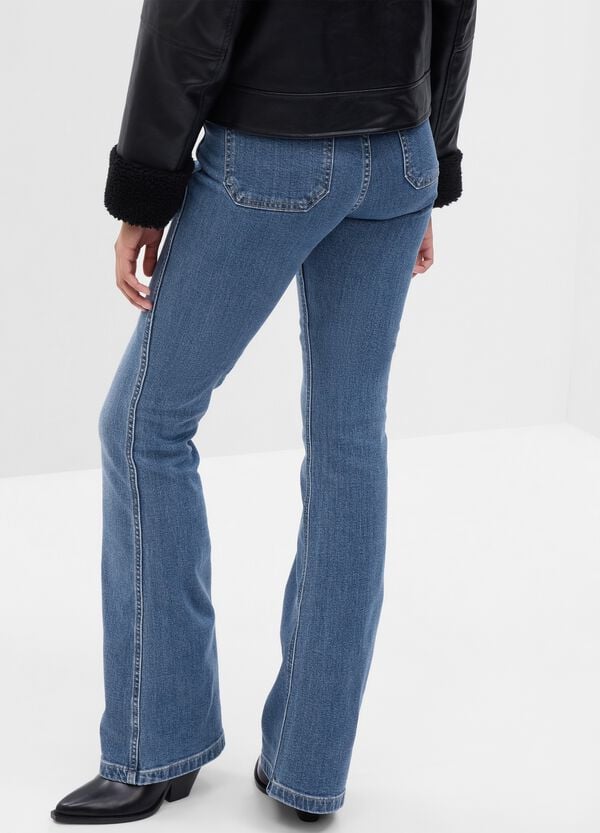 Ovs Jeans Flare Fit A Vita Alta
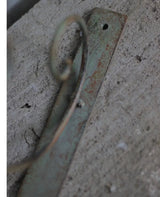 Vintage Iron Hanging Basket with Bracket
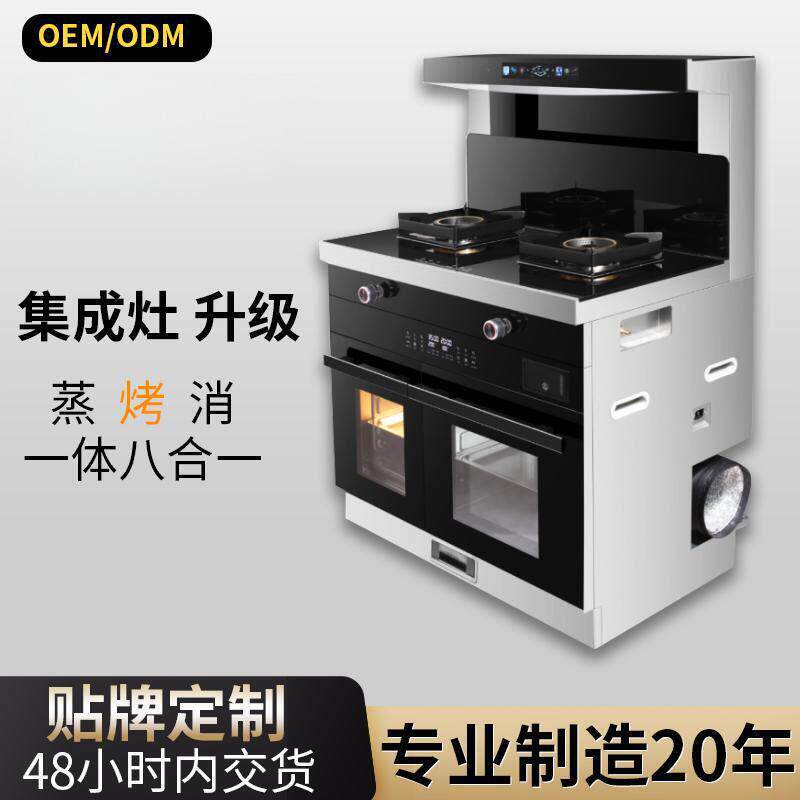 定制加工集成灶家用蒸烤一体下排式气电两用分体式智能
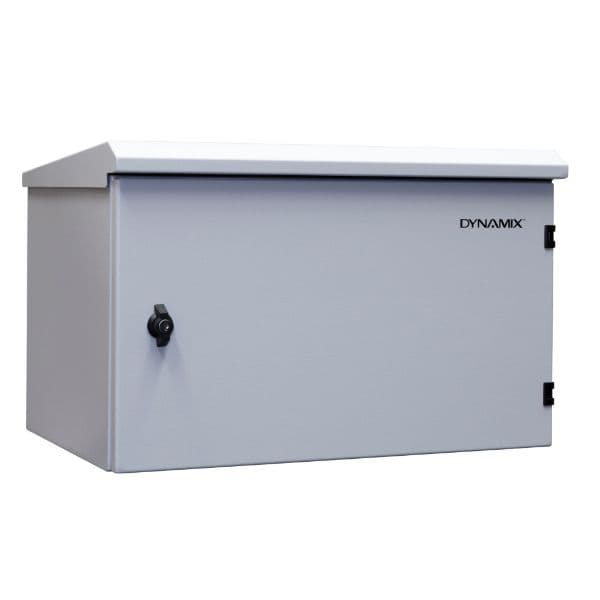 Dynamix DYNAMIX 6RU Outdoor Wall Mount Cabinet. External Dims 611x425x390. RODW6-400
* * *
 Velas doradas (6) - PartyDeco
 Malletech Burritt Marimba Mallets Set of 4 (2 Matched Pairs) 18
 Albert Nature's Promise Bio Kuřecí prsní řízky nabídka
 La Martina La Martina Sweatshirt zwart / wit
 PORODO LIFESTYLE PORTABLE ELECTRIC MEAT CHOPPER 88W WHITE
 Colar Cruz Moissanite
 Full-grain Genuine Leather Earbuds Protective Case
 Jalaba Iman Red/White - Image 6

→ WHAT TO DO: From the line containing "定制加工集成灶家用蒸烤一体下排式气电两用分体式智能" through the line containing "Dynamix DYNAMIX 6RU", copy every line above exactly, without pictures.

→ SOLUTION BELOW:
 定制加工集成灶家用蒸烤一体下排式气电两用分体式智能
 Dynamix DYNAMIX 6RU Outdoor Wall Mount Cabinet. External Dims 611x425x390. RODW6-400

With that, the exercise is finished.